Available data:
--------
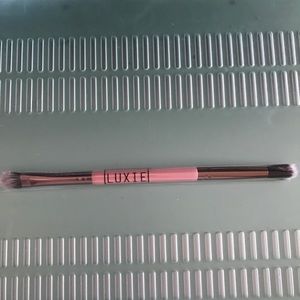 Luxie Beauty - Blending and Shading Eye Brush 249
--------
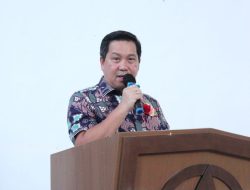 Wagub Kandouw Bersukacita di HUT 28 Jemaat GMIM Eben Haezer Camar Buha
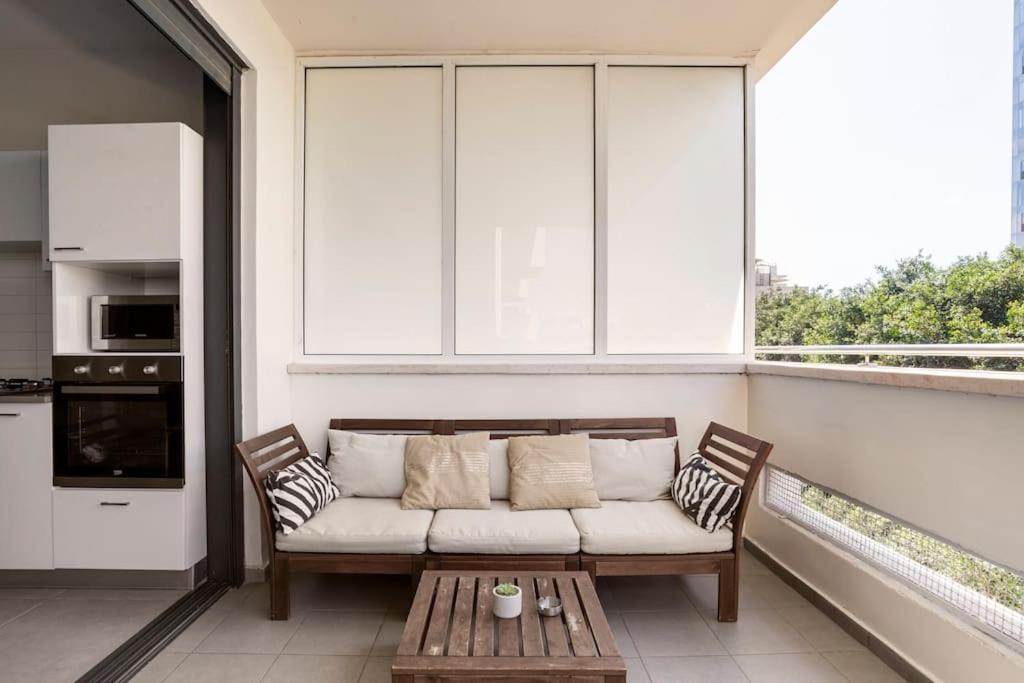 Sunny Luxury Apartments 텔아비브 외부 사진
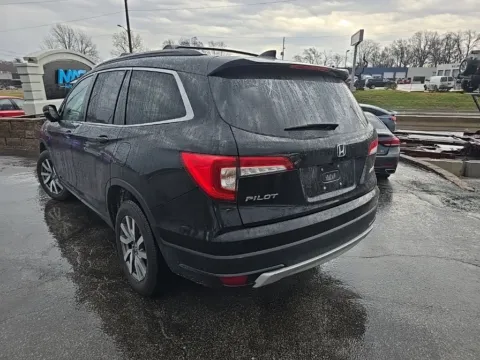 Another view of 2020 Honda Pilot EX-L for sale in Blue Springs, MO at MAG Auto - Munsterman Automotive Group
--------
Exercise prompt:
Among the entries above, locate the line with "Sunny Luxury Apartments 텔아비브 외부 사진" and the line with "Another view of". Give those two lines and all lines between them again, exactly, leaving out the pictures.

Output for this exercise:
 Sunny Luxury Apartments 텔아비브 외부 사진
 Another view of 2020 Honda Pilot EX-L for sale in Blue Springs, MO at MAG Auto - Munsterman Automotive Group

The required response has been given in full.